In vitro hemocompatibility testing of biomaterials according to the ISO 10993-4

Abstract

The development of synthetic materials, textured polymers and metals and their increasing use in medicine make research of biomaterials’ hemocompatibility very relevant. Problems arise from the polymorphism and diversity of the different materials, the static and dynamic test models and the patients’ individual biologic factors. First, methods, models, tests as well as preanalytical factors have to be standardized according to the current knowledge in medicine laid down in the ISO 10993 part 4. The routine controls used in clinical chemistry and hematology have to be performed. Information about normal ranges (mean value, standard deviation, 95% confidence interval) should be provided. Tests have to be performed within a minimal delay of usually 2 h since some properties of blood change rapidly following collection. Various conditions (depending on the wall shear rate) were simulated within the centrifugation system and a Chandler system. Qualities and aspects of hemocompatibility such as platelet activation, oxidative burst, hemolysis, fibrinolysis, fibrin formation, generation of thrombin, contact activation, and complement activation were analysed and the results were entered non-dimensionally into a non-dimensional score system, where 0 points stand for the best and 65 points for the worst evaluation. We found a good correlation between the total score and contact activation, thrombin generation and leukocyte activation in a low shear stress system and a good correlation between the total score and thrombin generation, hemolysis and platelet activation in the high shear stress system. Further on the effect of additives and sterilization procedures can be measured. The concepts presented underline the relevance/importance of an efficient diagnostic approach to hemocompatibility that takes account of clinical and socio-economic concerns.

Introduction

The progress in the development of biomaterials has been hindered by the lack of basic information on the nature of the tissues, organs and systems that are replaced, repaired or supported.

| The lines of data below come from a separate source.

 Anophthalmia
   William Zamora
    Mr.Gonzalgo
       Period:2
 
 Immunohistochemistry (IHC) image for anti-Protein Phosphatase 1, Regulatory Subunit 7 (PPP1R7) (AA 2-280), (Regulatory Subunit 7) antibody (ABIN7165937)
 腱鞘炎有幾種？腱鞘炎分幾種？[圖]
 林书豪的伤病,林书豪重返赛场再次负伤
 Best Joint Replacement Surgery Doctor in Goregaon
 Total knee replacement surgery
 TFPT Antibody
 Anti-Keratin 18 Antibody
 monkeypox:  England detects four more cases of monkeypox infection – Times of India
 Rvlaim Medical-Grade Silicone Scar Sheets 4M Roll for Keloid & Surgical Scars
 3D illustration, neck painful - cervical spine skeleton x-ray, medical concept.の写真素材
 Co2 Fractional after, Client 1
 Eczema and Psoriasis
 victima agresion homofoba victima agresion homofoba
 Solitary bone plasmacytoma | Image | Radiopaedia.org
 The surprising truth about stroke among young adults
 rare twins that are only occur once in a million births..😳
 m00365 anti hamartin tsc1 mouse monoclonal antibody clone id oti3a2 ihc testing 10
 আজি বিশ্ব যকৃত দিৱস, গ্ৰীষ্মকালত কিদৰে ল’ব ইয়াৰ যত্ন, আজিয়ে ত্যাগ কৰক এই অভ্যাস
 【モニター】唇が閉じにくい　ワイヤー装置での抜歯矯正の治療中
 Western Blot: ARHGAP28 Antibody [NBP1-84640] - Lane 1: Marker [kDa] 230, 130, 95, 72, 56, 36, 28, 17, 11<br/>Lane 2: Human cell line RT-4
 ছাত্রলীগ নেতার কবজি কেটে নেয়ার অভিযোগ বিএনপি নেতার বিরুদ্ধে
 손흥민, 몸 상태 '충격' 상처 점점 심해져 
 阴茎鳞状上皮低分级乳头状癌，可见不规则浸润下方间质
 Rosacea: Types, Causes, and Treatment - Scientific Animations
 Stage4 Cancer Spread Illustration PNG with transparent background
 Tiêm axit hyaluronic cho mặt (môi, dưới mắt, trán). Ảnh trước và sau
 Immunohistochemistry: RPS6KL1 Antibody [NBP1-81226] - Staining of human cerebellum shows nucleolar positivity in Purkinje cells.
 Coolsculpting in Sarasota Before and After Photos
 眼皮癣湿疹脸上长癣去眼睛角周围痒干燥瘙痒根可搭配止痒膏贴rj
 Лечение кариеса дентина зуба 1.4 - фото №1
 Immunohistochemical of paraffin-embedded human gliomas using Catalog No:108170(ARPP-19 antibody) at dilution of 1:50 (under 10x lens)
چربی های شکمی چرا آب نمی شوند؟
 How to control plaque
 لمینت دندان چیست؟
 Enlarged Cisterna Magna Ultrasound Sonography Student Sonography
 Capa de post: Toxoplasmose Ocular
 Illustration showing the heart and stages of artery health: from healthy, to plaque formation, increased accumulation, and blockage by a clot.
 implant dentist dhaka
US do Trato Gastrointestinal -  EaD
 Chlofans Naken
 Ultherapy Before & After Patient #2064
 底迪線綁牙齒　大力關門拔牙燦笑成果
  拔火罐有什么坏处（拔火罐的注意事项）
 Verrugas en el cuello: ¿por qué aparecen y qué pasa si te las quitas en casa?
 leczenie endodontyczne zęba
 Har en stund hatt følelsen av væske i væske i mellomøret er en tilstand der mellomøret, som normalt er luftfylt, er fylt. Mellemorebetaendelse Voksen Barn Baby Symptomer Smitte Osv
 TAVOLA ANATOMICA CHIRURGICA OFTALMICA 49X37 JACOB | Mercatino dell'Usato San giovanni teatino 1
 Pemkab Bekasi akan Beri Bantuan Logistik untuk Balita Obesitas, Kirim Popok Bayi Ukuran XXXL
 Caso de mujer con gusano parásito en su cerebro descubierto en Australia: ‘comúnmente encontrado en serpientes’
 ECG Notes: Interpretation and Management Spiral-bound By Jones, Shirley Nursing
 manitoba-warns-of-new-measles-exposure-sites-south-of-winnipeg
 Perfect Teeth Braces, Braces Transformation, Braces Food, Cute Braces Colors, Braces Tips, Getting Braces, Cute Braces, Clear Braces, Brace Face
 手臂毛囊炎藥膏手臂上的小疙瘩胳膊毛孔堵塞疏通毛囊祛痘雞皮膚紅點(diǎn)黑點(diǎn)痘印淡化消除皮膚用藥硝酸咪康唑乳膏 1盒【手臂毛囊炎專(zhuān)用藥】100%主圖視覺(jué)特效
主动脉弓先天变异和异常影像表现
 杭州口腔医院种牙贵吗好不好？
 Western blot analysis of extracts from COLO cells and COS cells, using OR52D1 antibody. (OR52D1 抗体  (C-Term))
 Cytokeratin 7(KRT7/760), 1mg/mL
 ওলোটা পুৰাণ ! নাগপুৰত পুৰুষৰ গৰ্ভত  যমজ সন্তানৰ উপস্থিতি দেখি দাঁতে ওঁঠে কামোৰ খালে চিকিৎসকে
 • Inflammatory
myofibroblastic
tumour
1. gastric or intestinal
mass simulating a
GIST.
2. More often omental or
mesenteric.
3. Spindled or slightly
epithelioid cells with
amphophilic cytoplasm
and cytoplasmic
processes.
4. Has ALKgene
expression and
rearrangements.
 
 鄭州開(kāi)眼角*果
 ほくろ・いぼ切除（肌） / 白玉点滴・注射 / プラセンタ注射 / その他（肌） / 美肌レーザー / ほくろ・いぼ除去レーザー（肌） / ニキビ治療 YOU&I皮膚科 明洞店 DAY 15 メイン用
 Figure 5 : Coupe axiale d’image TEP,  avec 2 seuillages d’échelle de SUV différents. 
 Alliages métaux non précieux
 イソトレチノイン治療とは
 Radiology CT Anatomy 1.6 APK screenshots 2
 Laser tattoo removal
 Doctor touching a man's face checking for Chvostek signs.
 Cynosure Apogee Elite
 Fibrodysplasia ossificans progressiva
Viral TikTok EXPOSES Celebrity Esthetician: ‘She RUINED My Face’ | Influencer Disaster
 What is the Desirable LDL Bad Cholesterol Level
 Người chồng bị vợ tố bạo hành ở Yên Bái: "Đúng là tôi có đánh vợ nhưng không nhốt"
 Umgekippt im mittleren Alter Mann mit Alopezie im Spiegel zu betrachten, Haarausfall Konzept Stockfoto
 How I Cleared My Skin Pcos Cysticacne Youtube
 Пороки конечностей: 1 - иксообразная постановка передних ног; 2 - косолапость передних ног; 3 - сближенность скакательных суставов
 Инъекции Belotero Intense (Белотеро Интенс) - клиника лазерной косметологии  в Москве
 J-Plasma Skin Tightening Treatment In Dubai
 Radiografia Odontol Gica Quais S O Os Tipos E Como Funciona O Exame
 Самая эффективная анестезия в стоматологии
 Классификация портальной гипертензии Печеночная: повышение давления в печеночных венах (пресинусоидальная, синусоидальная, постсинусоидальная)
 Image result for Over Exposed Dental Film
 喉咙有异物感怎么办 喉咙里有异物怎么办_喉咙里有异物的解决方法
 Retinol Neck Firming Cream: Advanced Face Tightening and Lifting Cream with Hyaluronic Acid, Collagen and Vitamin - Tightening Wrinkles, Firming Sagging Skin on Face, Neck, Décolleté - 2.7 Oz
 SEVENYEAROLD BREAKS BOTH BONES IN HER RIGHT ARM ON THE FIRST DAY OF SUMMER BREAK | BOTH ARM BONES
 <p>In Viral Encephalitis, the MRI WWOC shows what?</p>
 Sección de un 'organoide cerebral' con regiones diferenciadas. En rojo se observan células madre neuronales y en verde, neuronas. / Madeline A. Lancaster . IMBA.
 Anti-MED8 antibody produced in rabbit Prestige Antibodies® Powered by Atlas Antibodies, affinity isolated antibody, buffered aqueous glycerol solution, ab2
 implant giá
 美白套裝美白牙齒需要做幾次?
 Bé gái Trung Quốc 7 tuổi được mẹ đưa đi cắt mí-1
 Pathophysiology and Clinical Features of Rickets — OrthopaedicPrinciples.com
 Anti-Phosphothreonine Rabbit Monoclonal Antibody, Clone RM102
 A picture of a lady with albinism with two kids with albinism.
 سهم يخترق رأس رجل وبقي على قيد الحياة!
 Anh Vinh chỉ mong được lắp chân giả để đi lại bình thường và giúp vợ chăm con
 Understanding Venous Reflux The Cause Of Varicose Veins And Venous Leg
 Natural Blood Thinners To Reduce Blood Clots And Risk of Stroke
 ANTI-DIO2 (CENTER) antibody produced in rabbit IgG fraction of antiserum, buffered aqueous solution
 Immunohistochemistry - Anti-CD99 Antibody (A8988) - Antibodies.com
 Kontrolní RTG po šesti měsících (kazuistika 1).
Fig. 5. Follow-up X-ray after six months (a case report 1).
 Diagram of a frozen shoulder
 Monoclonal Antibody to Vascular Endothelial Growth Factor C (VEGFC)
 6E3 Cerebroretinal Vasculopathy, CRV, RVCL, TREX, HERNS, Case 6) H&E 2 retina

A great body of data [1] describing the material and biological aspects has been accumulated. Unfortunately, these data are not only scattered throughout different types of publication but are obtained from experimental and clinical studies that vary greatly in accuracy and precision [2], [3], [4].

For efficient in vitro hemocompatibility testing we have to discuss the principles, scientific basis and the interpretation of major topics such as:

• physicochemical characteristics and stability of the biomaterials

• models and test conditions

• standardization of inserted blood and phlebotomy under non-activating conditions

• reference materials, controls

• laboratory tests

• plausibility aspects and interpretation.

The aspects of surface chemistry, surface degradation and the physical structure are critical indicating the reaction of blood with artificial surfaces. Under normal conditions, platelets do not adhere to endothelial cells in the circulating blood. Exposure of the blood to foreign surfaces leads to deposition of a layer of proteins and cells, often accompanied by activation of the immune system and the coagulation system.